Task instructions: Retype the listing that follows, exactly as written.

Record set:
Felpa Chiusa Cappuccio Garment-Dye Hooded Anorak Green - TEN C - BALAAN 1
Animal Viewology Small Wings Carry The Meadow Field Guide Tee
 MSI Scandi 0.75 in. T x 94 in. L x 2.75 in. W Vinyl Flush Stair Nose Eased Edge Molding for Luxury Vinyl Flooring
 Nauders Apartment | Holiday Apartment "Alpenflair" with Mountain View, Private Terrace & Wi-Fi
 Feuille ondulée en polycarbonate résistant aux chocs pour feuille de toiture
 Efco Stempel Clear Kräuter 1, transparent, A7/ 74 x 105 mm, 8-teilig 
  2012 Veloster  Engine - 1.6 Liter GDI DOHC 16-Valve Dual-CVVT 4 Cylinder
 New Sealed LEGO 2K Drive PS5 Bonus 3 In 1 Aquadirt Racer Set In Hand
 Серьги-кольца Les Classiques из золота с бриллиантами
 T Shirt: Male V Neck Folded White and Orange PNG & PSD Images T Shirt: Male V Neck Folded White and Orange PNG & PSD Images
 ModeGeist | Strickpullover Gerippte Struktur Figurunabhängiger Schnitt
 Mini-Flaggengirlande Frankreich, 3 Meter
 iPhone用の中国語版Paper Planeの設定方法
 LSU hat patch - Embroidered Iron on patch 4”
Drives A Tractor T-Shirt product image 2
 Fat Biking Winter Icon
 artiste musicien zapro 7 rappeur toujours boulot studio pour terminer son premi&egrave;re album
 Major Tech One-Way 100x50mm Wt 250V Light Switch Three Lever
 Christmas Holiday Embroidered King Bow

The answer:
Felpa Chiusa Cappuccio Garment-Dye Hooded Anorak Green - TEN C - BALAAN 1
Animal Viewology Small Wings Carry The Meadow Field Guide Tee
 MSI Scandi 0.75 in. T x 94 in. L x 2.75 in. W Vinyl Flush Stair Nose Eased Edge Molding for Luxury Vinyl Flooring
 Nauders Apartment | Holiday Apartment "Alpenflair" with Mountain View, Private Terrace & Wi-Fi
 Feuille ondulée en polycarbonate résistant aux chocs pour feuille de toiture
 Efco Stempel Clear Kräuter 1, transparent, A7/ 74 x 105 mm, 8-teilig 
  2012 Veloster  Engine - 1.6 Liter GDI DOHC 16-Valve Dual-CVVT 4 Cylinder
 New Sealed LEGO 2K Drive PS5 Bonus 3 In 1 Aquadirt Racer Set In Hand
 Серьги-кольца Les Classiques из золота с бриллиантами
 T Shirt: Male V Neck Folded White and Orange PNG & PSD Images T Shirt: Male V Neck Folded White and Orange PNG & PSD Images
 ModeGeist | Strickpullover Gerippte Struktur Figurunabhängiger Schnitt
 Mini-Flaggengirlande Frankreich, 3 Meter
 iPhone用の中国語版Paper Planeの設定方法
 LSU hat patch - Embroidered Iron on patch 4”
Drives A Tractor T-Shirt product image 2
 Fat Biking Winter Icon
 artiste musicien zapro 7 rappeur toujours boulot studio pour terminer son premi&egrave;re album
 Major Tech One-Way 100x50mm Wt 250V Light Switch Three Lever
 Christmas Holiday Embroidered King Bow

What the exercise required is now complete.